Battle Lines Redrawn in Unity State
Unity State has resurfaced as the epicentre of South Sudan’s newest hostilities, where command chains rely more on personal networks than on decrees from Juba. Field commanders dictate realities on the ground, reviving patterns familiar from earlier phases of the civil war.
Government ranks draw mainly from Bul Nuer fighters, whereas opposition units lean on Leek, Jikany, Dok and Nyuong ties. These alignments stem from recruitment routes and shared histories rather than ideology, rendering alliance maps fluid and locally driven.
Urban Strongholds Under Government Umbrella
Bentiu, Rubkona and Guit remain under the South Sudan People’s Defence Forces Fourth Infantry Division. Authority flows straight from Lieutenant General Mathew Puljang Top, making the divisional headquarters the state’s crucial nerve centre.
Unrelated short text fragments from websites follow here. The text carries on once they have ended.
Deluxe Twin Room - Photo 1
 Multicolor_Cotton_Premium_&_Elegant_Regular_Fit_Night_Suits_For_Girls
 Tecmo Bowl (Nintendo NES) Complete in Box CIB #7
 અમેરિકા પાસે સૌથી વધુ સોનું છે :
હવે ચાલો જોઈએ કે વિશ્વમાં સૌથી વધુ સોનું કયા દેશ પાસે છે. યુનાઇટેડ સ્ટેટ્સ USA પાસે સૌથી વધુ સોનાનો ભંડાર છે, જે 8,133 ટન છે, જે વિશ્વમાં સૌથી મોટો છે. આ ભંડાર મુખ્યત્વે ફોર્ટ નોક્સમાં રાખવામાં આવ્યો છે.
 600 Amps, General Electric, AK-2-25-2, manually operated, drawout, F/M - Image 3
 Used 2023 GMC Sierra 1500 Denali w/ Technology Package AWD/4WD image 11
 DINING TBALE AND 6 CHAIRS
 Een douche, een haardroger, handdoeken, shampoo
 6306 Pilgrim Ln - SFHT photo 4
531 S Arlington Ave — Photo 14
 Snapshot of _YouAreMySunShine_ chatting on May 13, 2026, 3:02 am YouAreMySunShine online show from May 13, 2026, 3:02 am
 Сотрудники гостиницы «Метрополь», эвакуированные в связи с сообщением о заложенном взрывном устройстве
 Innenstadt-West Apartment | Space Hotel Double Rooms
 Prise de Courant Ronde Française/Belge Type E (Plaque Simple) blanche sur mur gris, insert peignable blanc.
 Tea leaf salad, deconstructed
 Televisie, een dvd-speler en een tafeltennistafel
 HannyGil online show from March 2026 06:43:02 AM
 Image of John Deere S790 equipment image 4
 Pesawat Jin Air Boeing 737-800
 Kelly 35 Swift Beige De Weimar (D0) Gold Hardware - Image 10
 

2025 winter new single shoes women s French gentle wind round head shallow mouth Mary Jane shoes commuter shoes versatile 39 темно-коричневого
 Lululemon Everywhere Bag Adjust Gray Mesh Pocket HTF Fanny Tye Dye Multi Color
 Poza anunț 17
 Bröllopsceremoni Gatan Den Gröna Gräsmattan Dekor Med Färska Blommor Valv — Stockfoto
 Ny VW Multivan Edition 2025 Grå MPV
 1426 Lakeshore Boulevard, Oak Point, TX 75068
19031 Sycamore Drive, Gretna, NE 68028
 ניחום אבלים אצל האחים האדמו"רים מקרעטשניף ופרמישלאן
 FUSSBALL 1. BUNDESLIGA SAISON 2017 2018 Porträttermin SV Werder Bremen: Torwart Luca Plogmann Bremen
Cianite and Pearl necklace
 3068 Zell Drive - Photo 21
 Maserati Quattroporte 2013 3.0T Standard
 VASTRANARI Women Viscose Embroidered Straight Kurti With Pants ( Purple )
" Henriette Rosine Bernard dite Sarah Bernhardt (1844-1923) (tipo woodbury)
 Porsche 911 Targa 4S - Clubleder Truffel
Control of the Bentiu-Heglig road secures oil revenues and obstructs rebel resupply corridors from Sudan. As one logistics officer noted, ‘If that road is open, the division breathes; if it shuts, everybody gasps’.
Rural Heartland and SPLA-IO Strategy
Beyond town limits, the Sudan People’s Liberation Army in Opposition, Sector Two, exploits swamps and villages west and south of Rubkona. Major General John Turuk Khor Kuai’s units employ mobility rather than fixed positions to harass convoys and tax cattle routes.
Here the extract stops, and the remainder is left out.